Bottom line: the global fiscal stimulus should be about two percent of world GDP – or $1.2trn, he said. “This may make a sizable difference to global growth prospects and substantially reduce the risks of a damaging global recession. But these two percent are an average, while some countries can't do anything, others have to do more.”
So far, Keynes would approve. Mr Strauss-Kahn also said spending should be focused on troubled sectors like housing and finance and transfers to low-income households, because they are most likely to face credit constraints and because they would be most likely to raise their spending. Good examples would be greater higher unemployment benefits, increased tax benefits for low-wage earners, and expansion of in-kind benefits covering basic needs such as food, he said. He talked about the “multiplier effect”, whereby spending in certain areas is thought to give a higher bang for the buck. He also pointed to the value of investment spending, on areas such as state-funded capital projects. “Since the slowdown is expected to be long lasting, investment spending, which typically has a longer gestation period than many other measures, becomes a more appropriate policy tool in the current circumstances,” he said. “Investment projects that are already in the works and can be implemented quickly, and those with good long-run justification and likely positive effects on expectations of future growth, like President-elect Obama's Manhattan Project for energy saving, are good ideas.” Again, all very Keynesian.

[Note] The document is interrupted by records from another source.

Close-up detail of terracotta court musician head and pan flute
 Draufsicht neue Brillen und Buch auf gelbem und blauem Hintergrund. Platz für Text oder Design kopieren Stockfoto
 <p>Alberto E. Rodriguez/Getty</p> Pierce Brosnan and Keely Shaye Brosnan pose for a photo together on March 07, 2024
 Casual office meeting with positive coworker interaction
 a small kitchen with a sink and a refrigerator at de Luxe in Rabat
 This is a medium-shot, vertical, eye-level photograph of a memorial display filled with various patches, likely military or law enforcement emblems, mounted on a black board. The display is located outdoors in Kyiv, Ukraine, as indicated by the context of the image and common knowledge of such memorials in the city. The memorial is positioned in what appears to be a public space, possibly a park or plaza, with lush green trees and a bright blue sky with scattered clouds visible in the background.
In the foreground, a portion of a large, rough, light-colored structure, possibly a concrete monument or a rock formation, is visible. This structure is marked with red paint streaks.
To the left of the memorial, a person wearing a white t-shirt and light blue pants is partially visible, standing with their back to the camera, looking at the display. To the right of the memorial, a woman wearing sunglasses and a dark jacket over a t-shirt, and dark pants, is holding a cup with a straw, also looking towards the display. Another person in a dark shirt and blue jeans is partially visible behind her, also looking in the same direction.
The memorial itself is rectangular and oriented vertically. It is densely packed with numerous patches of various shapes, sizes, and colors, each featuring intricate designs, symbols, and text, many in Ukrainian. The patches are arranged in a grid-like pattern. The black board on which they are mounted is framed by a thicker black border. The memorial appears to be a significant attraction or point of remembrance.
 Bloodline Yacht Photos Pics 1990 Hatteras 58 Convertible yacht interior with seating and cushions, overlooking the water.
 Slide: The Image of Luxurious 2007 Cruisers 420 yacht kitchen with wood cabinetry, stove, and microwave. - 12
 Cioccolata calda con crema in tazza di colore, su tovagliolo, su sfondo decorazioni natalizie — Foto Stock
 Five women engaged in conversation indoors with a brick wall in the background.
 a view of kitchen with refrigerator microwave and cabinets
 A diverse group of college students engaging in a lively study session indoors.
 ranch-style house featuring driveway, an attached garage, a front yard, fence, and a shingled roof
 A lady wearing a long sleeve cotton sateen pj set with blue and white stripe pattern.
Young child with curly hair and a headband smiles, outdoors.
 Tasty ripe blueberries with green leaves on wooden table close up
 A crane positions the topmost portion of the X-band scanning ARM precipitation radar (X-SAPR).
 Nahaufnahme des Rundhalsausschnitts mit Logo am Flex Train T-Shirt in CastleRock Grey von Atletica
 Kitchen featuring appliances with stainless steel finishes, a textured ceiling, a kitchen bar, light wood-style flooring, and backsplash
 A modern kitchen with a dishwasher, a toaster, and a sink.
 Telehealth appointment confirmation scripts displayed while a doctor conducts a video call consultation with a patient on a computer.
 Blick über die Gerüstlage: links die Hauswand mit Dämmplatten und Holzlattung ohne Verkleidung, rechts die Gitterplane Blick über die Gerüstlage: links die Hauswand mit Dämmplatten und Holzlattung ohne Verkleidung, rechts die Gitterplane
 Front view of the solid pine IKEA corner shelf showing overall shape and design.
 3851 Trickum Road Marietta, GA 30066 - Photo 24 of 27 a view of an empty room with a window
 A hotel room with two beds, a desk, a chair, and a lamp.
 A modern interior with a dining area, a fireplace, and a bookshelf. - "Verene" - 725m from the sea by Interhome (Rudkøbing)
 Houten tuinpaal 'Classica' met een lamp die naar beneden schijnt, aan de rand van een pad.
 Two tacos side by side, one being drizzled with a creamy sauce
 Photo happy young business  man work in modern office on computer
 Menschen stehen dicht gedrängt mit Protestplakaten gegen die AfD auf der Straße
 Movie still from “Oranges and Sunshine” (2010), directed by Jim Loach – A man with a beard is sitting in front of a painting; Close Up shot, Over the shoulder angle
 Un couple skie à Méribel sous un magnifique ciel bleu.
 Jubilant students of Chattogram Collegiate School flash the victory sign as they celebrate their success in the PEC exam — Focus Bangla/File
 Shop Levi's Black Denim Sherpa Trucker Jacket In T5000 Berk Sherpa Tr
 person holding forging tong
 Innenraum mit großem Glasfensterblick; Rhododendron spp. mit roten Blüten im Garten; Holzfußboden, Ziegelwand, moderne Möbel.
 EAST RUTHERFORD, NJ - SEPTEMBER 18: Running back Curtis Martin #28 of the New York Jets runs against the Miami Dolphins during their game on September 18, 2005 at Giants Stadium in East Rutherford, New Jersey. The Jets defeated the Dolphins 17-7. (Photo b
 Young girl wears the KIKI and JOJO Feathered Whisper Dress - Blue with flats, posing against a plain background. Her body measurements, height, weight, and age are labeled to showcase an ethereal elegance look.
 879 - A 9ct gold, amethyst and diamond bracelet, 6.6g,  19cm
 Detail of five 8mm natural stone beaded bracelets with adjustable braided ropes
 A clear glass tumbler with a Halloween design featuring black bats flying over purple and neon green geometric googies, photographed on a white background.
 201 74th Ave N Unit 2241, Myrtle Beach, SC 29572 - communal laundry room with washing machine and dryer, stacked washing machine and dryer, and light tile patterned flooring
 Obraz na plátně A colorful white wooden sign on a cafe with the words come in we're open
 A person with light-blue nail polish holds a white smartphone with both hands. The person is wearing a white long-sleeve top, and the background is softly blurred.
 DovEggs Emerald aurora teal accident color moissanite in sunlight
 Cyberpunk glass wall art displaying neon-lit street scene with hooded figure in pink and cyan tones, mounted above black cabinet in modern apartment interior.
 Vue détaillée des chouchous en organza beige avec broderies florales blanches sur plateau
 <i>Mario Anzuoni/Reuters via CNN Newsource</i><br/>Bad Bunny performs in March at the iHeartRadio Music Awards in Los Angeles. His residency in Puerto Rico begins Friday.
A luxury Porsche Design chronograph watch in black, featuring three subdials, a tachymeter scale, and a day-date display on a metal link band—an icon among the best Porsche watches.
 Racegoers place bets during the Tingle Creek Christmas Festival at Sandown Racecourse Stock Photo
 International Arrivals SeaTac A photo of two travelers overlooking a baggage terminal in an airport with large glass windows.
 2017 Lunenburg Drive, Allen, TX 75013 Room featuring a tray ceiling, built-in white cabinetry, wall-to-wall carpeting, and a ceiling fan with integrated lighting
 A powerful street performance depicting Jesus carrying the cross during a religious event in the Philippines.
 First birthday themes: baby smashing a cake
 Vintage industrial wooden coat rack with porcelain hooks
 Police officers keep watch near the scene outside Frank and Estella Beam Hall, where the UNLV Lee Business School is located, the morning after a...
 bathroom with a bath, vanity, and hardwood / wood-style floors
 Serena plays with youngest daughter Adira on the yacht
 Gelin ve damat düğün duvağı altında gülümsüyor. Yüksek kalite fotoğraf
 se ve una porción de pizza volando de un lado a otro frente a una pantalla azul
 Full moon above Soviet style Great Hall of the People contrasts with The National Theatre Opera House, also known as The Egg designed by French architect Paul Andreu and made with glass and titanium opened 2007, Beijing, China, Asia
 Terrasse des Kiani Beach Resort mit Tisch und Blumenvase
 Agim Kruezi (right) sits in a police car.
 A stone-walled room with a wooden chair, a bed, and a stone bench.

Temporary reductions in personal income and sales taxes “could also be envisaged,” he continued. “But we would not recommend reduction in corporate tax rates, dividends and capital gains taxes or special incentives for businesses. These are likely to be ineffective and difficult to reverse.” Not very neoliberal.
So perhaps the IMF has returned to its roots after all? “Good brakes are important too,” Mr Strauss-Kahn cautioned, and even advanced economies need to keep an eye on fiscal sustainability, in case their spending provokes an adverse reaction from the financial markets. But “At present, the most urgent need is for a strong foot on the accelerator of fiscal spending,” he said.
In a sense, it doesn't really matter what the IMF's exact role is. “What matters is that we make a useful contribution,” said Mr Strauss-Kahn. “We have the tools to do that. If we deploy them well, and help our members, then the IMF will have a good future. More importantly, it will be doing its job, and therefore give the world a better future. All around the planet, the people of the world have reacted to the crisis with feelings going from surprise to anger and from anger to fear. It is our responsibility to help building a world based more on humanity and cooperation than on opacity and greed.” Keynes would certainly approve of that.